_TASK TO CARRY OUT:_
A verbatim copy is needed of the lines below from the one containing "Little patients and" up to and including the one containing "Afrikanisch-amerikanische Krankenschwester zeigt", excluding pictures.

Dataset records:
--- START ---
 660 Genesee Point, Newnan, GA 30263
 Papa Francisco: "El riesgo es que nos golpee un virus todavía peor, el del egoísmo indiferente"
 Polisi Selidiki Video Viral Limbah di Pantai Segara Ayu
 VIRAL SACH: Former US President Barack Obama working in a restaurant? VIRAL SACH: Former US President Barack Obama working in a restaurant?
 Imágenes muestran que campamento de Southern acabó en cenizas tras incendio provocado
--- END ---
--- START ---
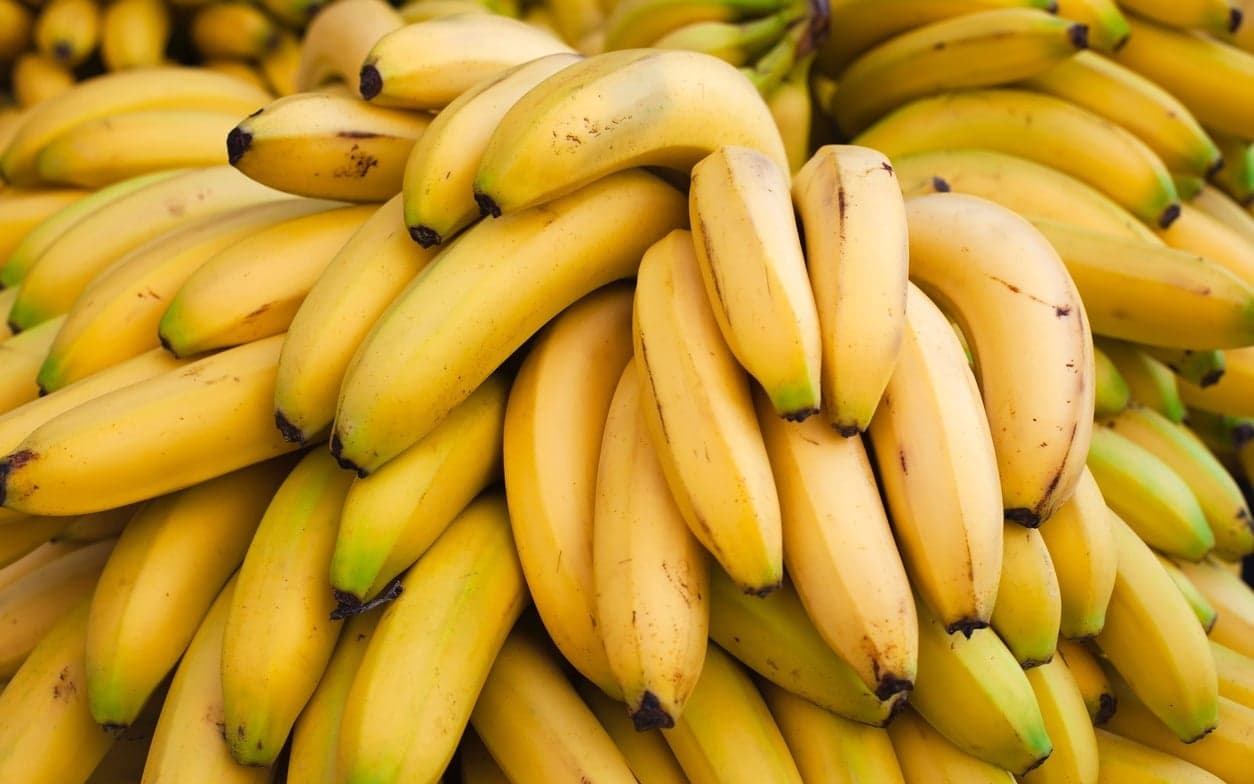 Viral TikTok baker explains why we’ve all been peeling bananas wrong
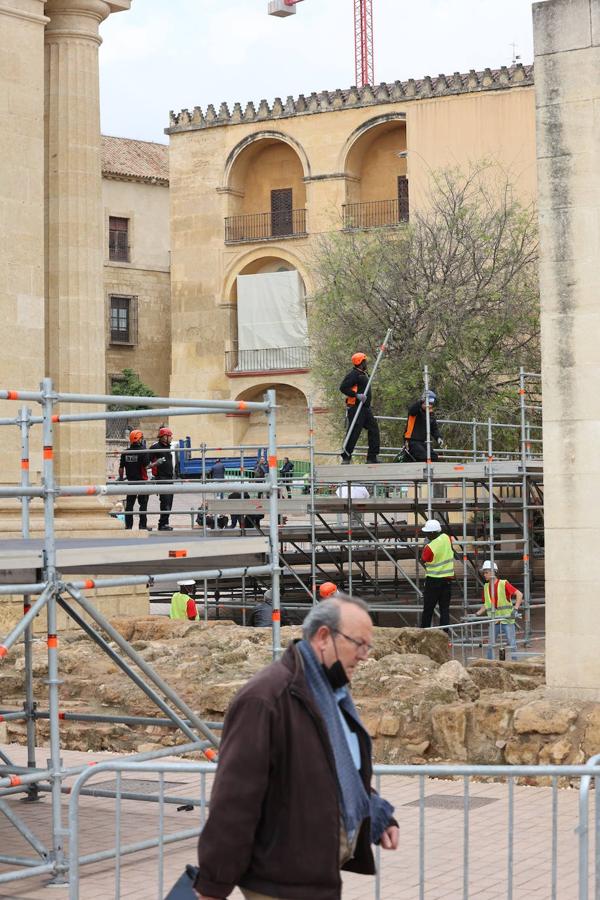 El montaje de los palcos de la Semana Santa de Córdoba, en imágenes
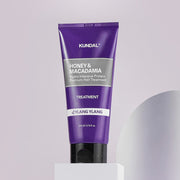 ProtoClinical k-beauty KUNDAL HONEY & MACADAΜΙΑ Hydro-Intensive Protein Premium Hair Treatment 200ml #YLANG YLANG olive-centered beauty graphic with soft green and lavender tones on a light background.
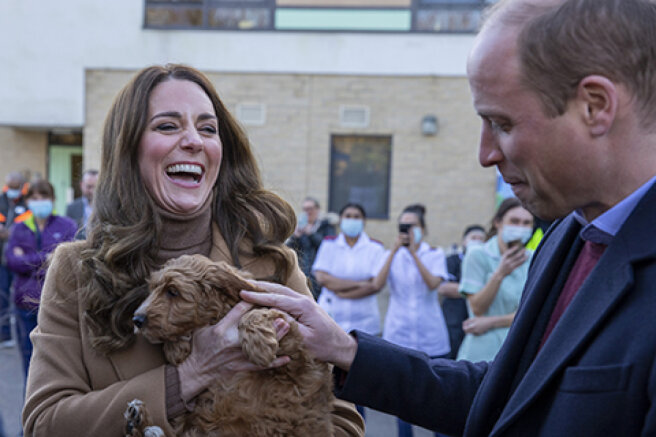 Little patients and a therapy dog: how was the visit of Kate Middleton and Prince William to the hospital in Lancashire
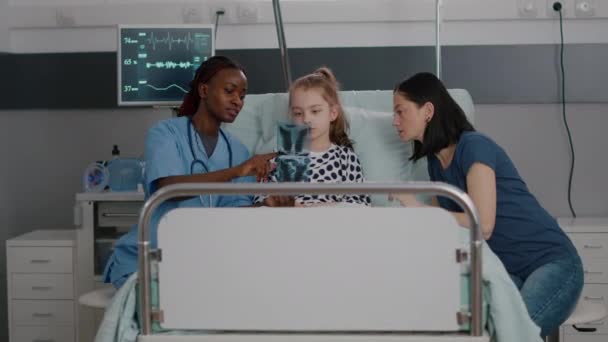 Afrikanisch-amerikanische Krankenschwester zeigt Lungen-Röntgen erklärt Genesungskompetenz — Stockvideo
--- END ---
_WRITTEN REPLY:_
 Little patients and a therapy dog: how was the visit of Kate Middleton and Prince William to the hospital in Lancashire
 Afrikanisch-amerikanische Krankenschwester zeigt Lungen-Röntgen erklärt Genesungskompetenz — Stockvideo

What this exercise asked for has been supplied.